Annoying Web site failures

posted by Jeff | Thursday, February 25, 2010, 10:56 PM | comments: 0

At this point in my career, I've been on the back end of consumer Web sites at various levels, from a few thousand a day that generated huge revenue, to those serving millions in a support capacity. In every case though, I now critical it is to have your stuff work, and when it's not working, know why. When I encounter sites that clearly aren't doing this, it annoys me. How do they stay in business?

Schwan's was the biggest offender recently. I couldn't complete an order, edit my address or even use their contact page. Finally I found an old support ticket by e-mail and used that, and they put me in touch with one of their programmer/analysts to confirm that a fix they deployed worked. But it went on for almost a month, and that disappointed me to no end.

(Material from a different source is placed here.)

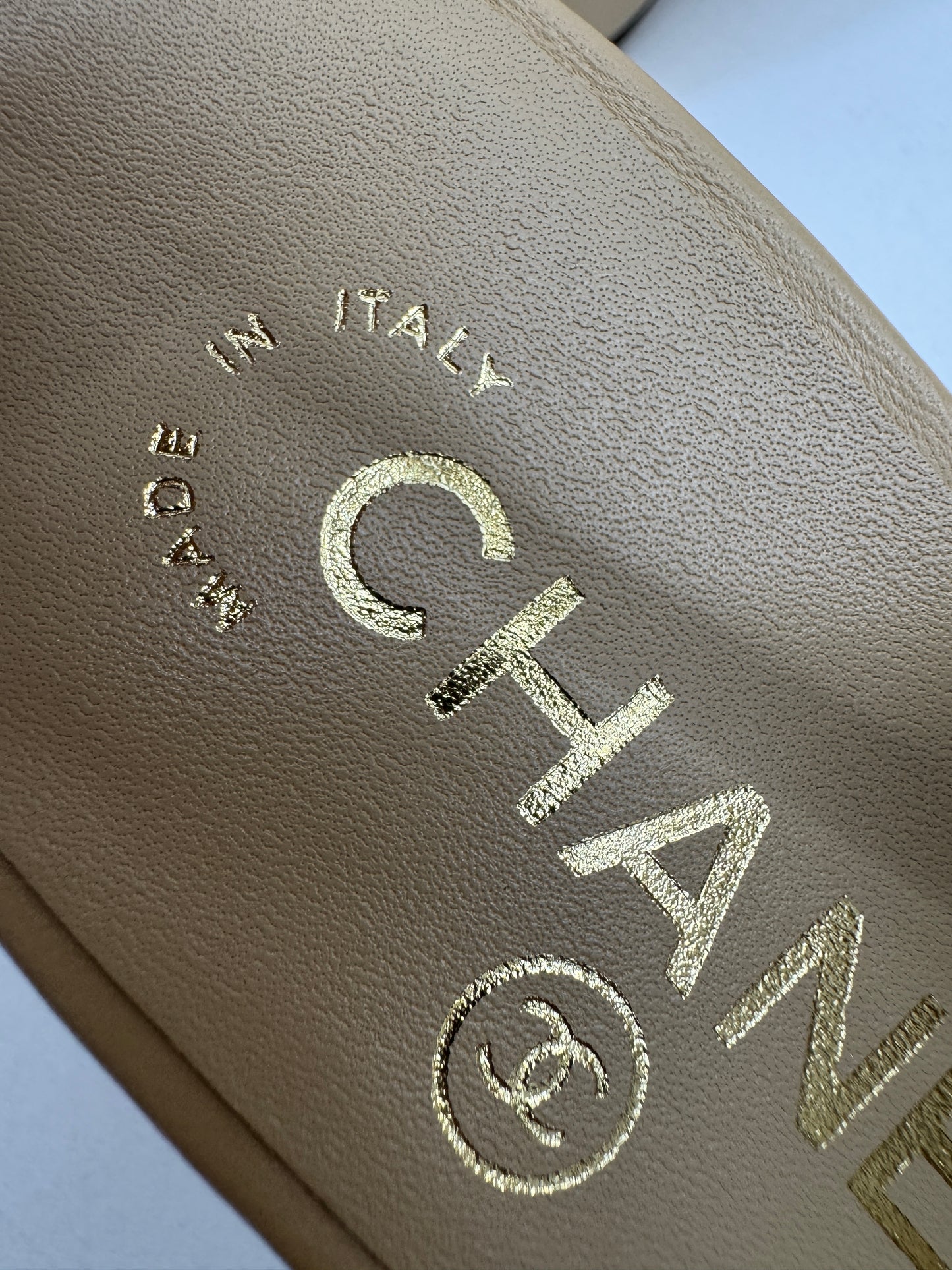 CHANEL Slingback 6.5cm 杏拼黑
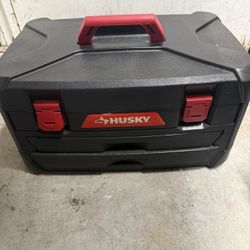 Husky Mechanic Set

I've generally felt they have a solid Web site, and it's built on ASP.NET (not that you can't write shit for the platform... I've seen my share of it).

You would think they'd have instrumentation to see a drop-off in orders. I thought that maybe my account got into some suboptimal state, but then our driver today told Diana that he saw a huge drop in pre-orders, and he generally skips customers who otherwise have a history of pre-orders (our Cleveland driver typically did that too). It wasn't just me.

Or how about this one. Today I drop into Ikea to order a disposable coffee table. We've wanted to grab one the last few times we were there, but they just never had it. I try to order it at work, and the $39.99 item somehow had a shipping amount of $280! There is no rational situation for that to be the case. I try again later, and I can't look up stock or add one to the cart. Fail.

My current cable system has a horrible site too. It had no way to reset passwords or anything, but yet their support people could simply look it up and e-mail it to you, with zero identity verification. Nice.

It just disappoints me to see how inconsistent, and typically poor, the quality of many Web apps are. I understand why good developers and managers are expensive and hard to find. There aren't enough of them.